The 5th Battalion, 7th Cavalry air assaulted into landing zone TIGER near the winding road into Laos, and was soon followed by its direct support artillery battery. The 1st Battalion, 7th Cavalry went into landing zone VICKI on the slope northeast of TIGER. Although the initial assaults of the 5th Battalion, 7th Cavalry and 1st Battalion, 7th Cavalry were virtually unopposed by ground action, subsequent assault lifts received intense antiaircraft fire. In these later assaults, 23 helicopters were hit by ground-to-air fire and ten aircraft were destroyed. Because of the intense antiaircraft fire, deteriorating weather conditions, and the extensive engineering effort required to prepare artillery positions at landing zone VICKI, insertion of the direct support artillery battery into landing zone VICKI was aborted for that day.

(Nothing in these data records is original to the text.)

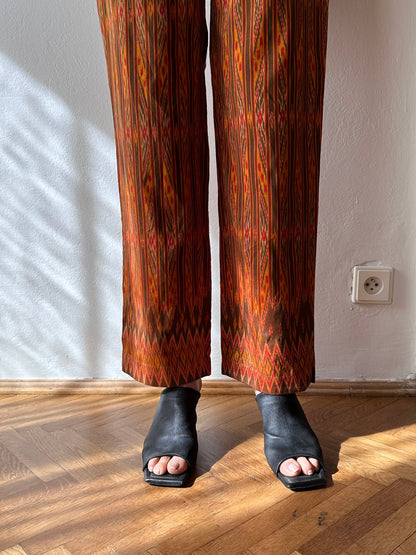 pure raw silk ikat pants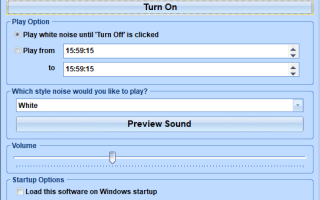 Oprogramowanie generatora białego szumu dla systemu Windows 10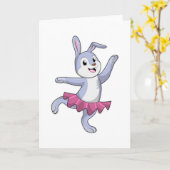 Carte Lapin en ballerine au ballet (Fleur jaune)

To the east, the 1st Brigade of the 101st Airborne Division initiated operations out of Fire Support Base BASTOGNE with one battalion attacking to the southwest. Later in the morning of the 19th, another battalion air assaulted into the landing zone near the junction of Routes 547 and 547-A. These battalions received light to moderate contact throughout the day.

On D+1, the 3d Brigade of the 1st Cavalry continued to deploy into the northern A Shau Valley and to spread their area of operations. The 1st Battalion, 7th Cavalry under Colonel Wasiak attacked to the southeast out of their original landing zone; the 2d Battalion, 7th Cavalry under Colonel Robinson began an air assault to establish a landing zone further south in the valley; and the 5th Battalion, 7th Cavalry moved to interdict Route 548 which entered the A Shau Valley from Laos.

During the first few days of Operation DELAWARE, in spite of very low ceilings, thunder storms, and heavy enemy antiaircraft fire, the 1st Cavalry Division's helicopters and the U.S. Air Force's C-130 aircraft flew repeated missions into the valley to deliver the required supplies. During the first days of the operation, navigation was strictly by pilotage.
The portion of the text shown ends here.